To further improve the performance of a datapath coprocessor, some carefully designed complex function units can be used in a datapath to replace the function of several simple function units. Usually this results in lower datapath latency. However, introducing complex irregular function units results in less sharing across the datapaths of different kernel loops, thus increasing the hardware cost of the reconfigurable datapath. In this paper, we propose the idea of merging function units on the critical path to improve the datapath performance while avoiding excessive hardware cost. Preliminary experimental results show significant performance improvement through this function unit merging process.

The rest of the paper is organized as follows. Section 2 introduces the architectural model and Section 3 covers the overview of the design flow. In Section 4, we explain how to design a custom loop datapath for a selected kernel loop and in Section 5, we give an algorithm to merge all the custom loop datapaths into a single reconfigurable datapath. We provide experimental results in Section 6, and Section 7 has some conclusions and future research topics.

## 2. ARCHITECTURAL MODEL

The architectural model we propose in this paper consists of a master processor and a reconfigurable coprocessor as illustrated in Figure 1. The master processor controls the execution of programs as well as the reconfiguration of the datapath coprocessor. When the master processor hit a kernel loop during execution that can benefit from running on the coprocessor, it reconfigures the reconfigurable datapath and switches the execution to the coprocessor.

The coprocessor is built on the same chip as the master processor. We assume the coprocessor can access different levels of on- and off-chip cache and



Fig. 2. Routing box for function units.

main memory as the master processor can. The coprocessor mainly consists of a reconfigurable datapath and some control logic. The controller works as a state machine and controls the start and end of the datapath execution as well as the dynamical reconfiguration of the datapath during execution. The reconfigurable datapath has fixed ASIC-like functional blocks and reconfigurable interconnections.

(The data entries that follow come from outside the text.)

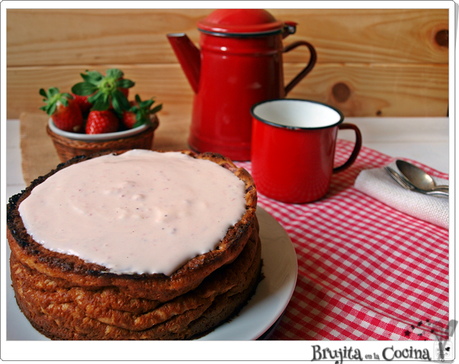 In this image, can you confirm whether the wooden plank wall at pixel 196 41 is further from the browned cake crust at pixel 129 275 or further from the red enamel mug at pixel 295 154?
the browned cake crust at pixel 129 275

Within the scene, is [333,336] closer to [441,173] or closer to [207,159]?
[207,159]

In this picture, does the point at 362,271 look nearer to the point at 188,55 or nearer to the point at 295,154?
the point at 295,154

In the reconfigurable datapath, there is a routing box in front of each function unit as shown in Figure 2. The routing box is used to select inputs from different interconnections for the function unit (FU). The configuration bits for a routing box to select the inputs are called configuration word. The configuration words for all routing boxes in the reconfigurable datapath form a reconfiguration context. During execution, the interconnections of the datapath are dynamically reconfigured at each clock cycle by selecting configuration words for the routing boxes according to the configuration address, which is obtained from the datapath controller. The function units in the datapath are hardwired logic blocks. No control bits are necessary. By programming the interconnections, the reconfigurable datapath forms the kernel-specific datapath for a specific kernel loop.

## 3. METHODOLOGY OVERVIEW

In this paper, we focus on the design methodology of the application-specific reconfigurable datapath. The design methodology can be partitioned into two major stages as shown in Figure 3. The first stage is to design a custom datapath for each selected kernel loop. The second stage is to merge all the datapaths for selected kernel loops into one reconfigurable datapath for an application or application domain.

The first step in the design flow is the identification of the computation intensive loops (kernel loops) in the application. For each kernel loop an initial custom datapath is designed with the maximum possible operation and loop level parallelism under no hardware resource limit. Then, given the hardware resource constraints in the system, function units and registers in the datapath are shared and allocated to make a new datapath. After optimization, a final custom datapath is designed for each selected kernel loop.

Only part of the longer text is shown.